As people grow older, changes in the spine can lead to low back pain, which in turn, can become a chronic disability. Understanding how spinal discs – soft cushions tucked in between the vertebrae – function is crucial to inform clinical practice. With injury or age-related degeneration, the disc’s soft center bulges out and presses on nerves, resulting in pain.

A new animal model of disc pathology may provide important answers, according to new research by a Thomas Jefferson University team led by Makarand Risbud, PhD, James J Maguire Jr. Professor of Spine, Research and a musculoskeletal cell biologist. “The spinal disc is an understudied tissue,” Dr. Risbud says. “But disc herniation is a huge clinical problem.”
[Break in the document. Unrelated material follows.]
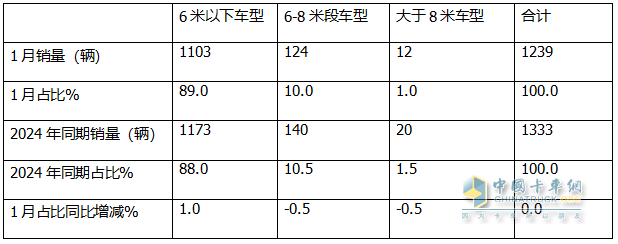 2025年1月房车：同比降7%环比增26%，开局平稳
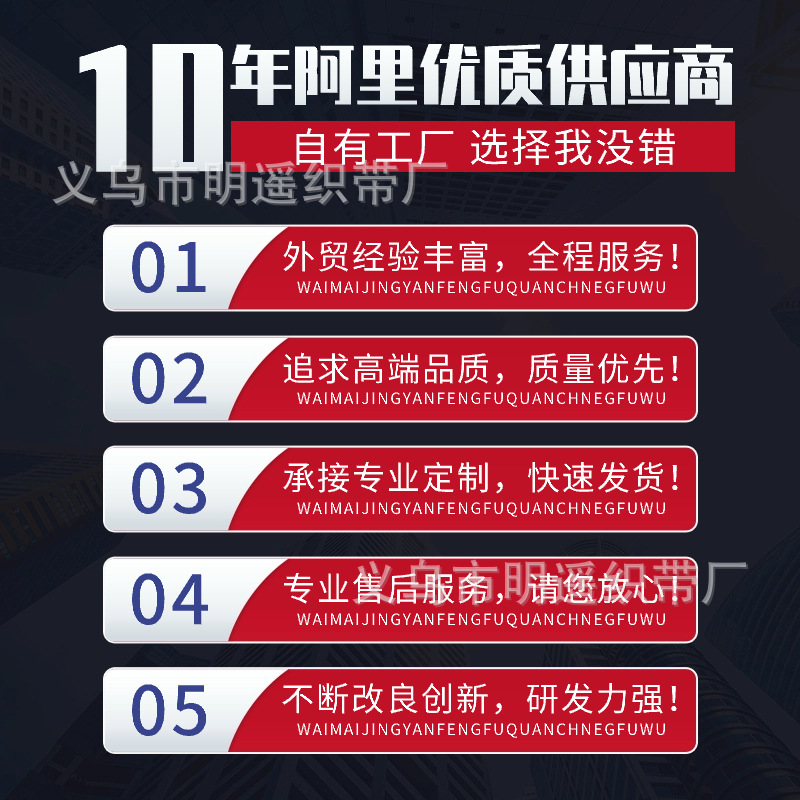 1688厂家品牌优势说明主图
In the study published in Science Advances, Dr. Risbud and his colleagues, including a former M.D., Ph.D. student Emanuel Novais and recent Ph.D. graduate Olivia Ottone, describe a specific strain of inbred mice that form bulging or herniated discs naturally, and is accompanied by pain, cellular changes, and altered immune responses.

“It was a surprise to find a mouse strain that spontaneously develops herniated discs,” Dr. Risbud says. Previous models have used injury to actively trigger the condition in mice, but this does not necessarily mimic the spontaneous disease process seen in people.

For instance, the researchers detected changes in the immune system that occurred prior to the disc troubles. This was surprising because immune responses are typically thought to come after injury or infection, not precede it. Dr. Risbud will continue to study whether this immune dysregulation is triggering disc herniation in some way. The model also allows his team to explore possible genetic influences that predispose animals to disc pathology.

In addition to enabling researchers to study the biology of disc herniation, the new animal model might reveal how disc problems can progress to chronic pain. This is a big unknown in clinical medicine. “Out of 10 patients with pain from herniated discs, 7 or 8 will resolve,” Dr. Risbud says. “But the other 2 or 3 will not and that leads to chronic pain. We do not yet understand why.”